Answer to Question #91727 in Statistics and Probability for Sibel Gercek

Answer

a) {8/27, 4/9, 2/9, 1/27}

b) 1

Explanation

a) Because each ball is replaced in the box before the next draw is made, the number of green balls X is a discrete random variable, which can take four possible values: 0, 1, 2, 3. Let us find the probabilities that X takes one of these values. We denote by A the event, that we draw a green ball from the box in one trial. The number of all possible outcomes in one trial of the experiment n = 6. For this event the number of favourable outcomes m = 2. So with the help of classical definition of probability the probability of this event is found as p = p(A) = m/n = 2/6 = 1/3. Because each ball is replaced in the box before the next draw is made, we have a sequence of three Bernoulli trials with success probability p = 1/3 and failure probability q = 1 – p = 2/3.
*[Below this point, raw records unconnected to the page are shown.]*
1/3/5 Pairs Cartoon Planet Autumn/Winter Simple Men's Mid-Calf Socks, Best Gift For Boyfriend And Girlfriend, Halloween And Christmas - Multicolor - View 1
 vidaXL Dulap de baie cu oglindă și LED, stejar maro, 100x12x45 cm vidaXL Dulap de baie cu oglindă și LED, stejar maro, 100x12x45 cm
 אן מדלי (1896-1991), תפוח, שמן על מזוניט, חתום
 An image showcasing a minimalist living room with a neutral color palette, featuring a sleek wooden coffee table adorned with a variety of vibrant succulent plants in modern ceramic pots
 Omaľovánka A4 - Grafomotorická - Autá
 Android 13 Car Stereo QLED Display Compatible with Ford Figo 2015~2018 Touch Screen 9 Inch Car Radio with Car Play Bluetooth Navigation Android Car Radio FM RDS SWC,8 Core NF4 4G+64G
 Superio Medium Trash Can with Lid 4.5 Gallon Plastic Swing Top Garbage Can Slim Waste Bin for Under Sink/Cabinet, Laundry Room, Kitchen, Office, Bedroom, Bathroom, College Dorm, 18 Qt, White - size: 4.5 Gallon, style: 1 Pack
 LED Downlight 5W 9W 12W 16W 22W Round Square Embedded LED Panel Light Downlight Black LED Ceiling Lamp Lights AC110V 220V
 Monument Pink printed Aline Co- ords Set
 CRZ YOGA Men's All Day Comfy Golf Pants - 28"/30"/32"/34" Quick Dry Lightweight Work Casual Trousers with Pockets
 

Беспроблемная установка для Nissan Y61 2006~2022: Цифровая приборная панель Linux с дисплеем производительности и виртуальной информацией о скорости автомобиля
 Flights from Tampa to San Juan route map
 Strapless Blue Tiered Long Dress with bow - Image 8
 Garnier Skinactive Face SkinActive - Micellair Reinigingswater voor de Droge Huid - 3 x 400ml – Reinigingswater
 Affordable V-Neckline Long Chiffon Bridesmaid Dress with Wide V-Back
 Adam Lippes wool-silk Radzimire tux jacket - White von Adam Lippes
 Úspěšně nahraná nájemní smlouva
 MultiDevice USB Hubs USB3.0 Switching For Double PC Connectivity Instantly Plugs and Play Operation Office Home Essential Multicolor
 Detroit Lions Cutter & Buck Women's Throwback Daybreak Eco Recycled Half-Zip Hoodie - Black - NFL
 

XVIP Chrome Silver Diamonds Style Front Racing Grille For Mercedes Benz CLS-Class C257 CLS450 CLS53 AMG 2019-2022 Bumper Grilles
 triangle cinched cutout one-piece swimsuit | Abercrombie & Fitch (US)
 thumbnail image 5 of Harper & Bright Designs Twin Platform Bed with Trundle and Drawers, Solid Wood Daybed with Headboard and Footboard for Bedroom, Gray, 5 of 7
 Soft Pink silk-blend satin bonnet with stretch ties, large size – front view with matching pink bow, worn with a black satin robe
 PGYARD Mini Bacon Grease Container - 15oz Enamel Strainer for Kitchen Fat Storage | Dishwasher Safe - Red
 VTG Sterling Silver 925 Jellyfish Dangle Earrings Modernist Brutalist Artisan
The probability p_n(k) that exactly k successes in n trials will occur, is calculated by Bernoulli formula p_n(k) = C(n,k)p^kq^n-k, where the number of combinations of n different elements taken k at a time C(n,k) = n!/k!/(n-k)!. In case of our problem n = 3, k takes one of four values 0, 1, 2, 3. So we have, p(X=0) = p₃(0) = C(3,0)(1/3)⁰(2/3)³ = 3!/0!/3!*8/27 = 8/27; p(X=1) = p₃(1) = C(3,1)(1/3)¹(2/3)² = 3!/1!/2!*1/3*4/9 = 3*4/27 = 4/9; p(X=2) = p₃(2) = C(3,2)(1/3)²(2/3)¹ = 3!/2!/1!*1/9*2/3 = 3*1/9*2/3 = 2/9; p(X=3) = p₃(3) = C(3,3)(1/3)³(2/3)⁰ = 3!/3!/0!*1/9*2/3 = 1*1/27*1 = 1/27. Hence, the set {8/27, 4/9, 2/9, 1/27} forms the distribution of X. Obviously, the discrete random variable X is completely defined by the table:

x_i    0    1    2    3

p_i   8/27   4/9   2/9   1/27

b) The quantity E(X) = x₁*p₁ + x₂*p₂ + x_n*p_n is referred to as the expectation (the mean value or the first moment) of the random variable. In case of our problem E(X) = 0*8/27+1*4/9+2*2/9+3*1/27 = 1.